`argwhere` implementation

Hi Guys,
In numpy, there is a quite useful location function numpy.argwhere. I am just wondering whether it is possible to have this implemented in mxnet ndarray as well?
Thanks a lot!

Unfortunately, there is no out of the box implementation.

You could use CSRNDArray to get something very close, but you need to still write custom code to split its indptr into actual row indices.

I have created an implementation for you, but unfortunately that code won’t be hybridizable as it uses shape information. It also depends on using asscalar(), so it will be a sync call to CPU.

I don’t know if my implementation is faster than just converting your array to NumPy and then using argwhere, but, nevertheless, I re-implemented Code 1 example using MXNet and here it is:

# Convert to CSRNDArray
input_array = mx.nd.array([[2, 0, 7],
                           [0, 5, 9]])

sparse_array = input_array.tostype('csr')
# Get non-zero column indices of the data
col_indices = sparse_array.indices

# Get non-zero row indices, using indptr, which returns offset to non-zero value per row 
row_indices = mx.nd.concat(
    *[mx.nd.repeat(row_num, repeats=int((current - prev).asscalar()))
      for prev, current, row_num in
      zip(sparse_array.indptr[0:-1], sparse_array.indptr[1:],
          mx.nd.arange(0, input_array.shape[0]))], dim=-1).astype(np.int64)

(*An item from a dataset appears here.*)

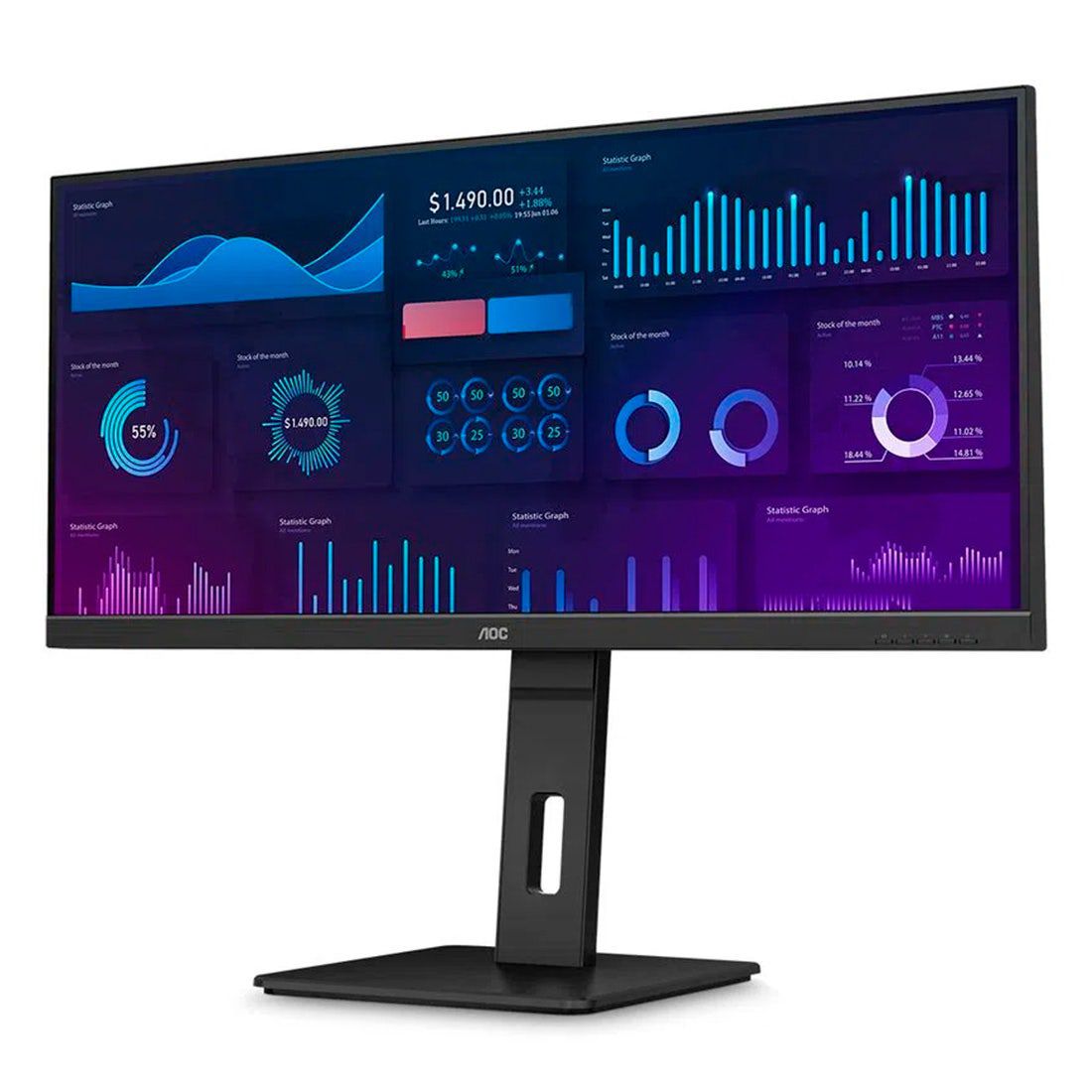 Monitor 34" Aoc Ultrawide Ips Com Base Ajustável Q34P2/Fg - Processtec ...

# combine row indices and col indices
non_zero_indices = mx.nd.concat(*[row_indices.expand_dims(axis=1), col_indices.expand_dims(axis=1)],


If I execute it, the print outputs me the same result as NumPy version.

[[0 0]
 [0 2]
 [1 1]
 [1 2]]
<NDArray 4x2 @cpu(0)>
1 Like

Thanks a lot! Your implementation is really helpful! That do you mean by “a sync call to CPU” here?

All MXNet operations run in async mode (see system architecture), meaning as soon as you fire an operation (both on CPU or GPU) MXNet returns control back to your code and process the operation in another C++ thread. For explicitly requesting the results, in MXNet you use one of the so-called “sync methods”, which basically hold the execution of the program until the result is available. The most common methods are asnumpy(), asscalar().

Thus, I meant that if you wanted to get the advantage of GPU speed here, it won’t be as fast as you would expect, because there is a sync call (asscalar()) used in the code: at that point data on GPU should be synced with CPU. If you run this code on CPU you won’t notice any difference, but running it on GPU will be not as efficient as it could be if there were a native implementation.

1 Like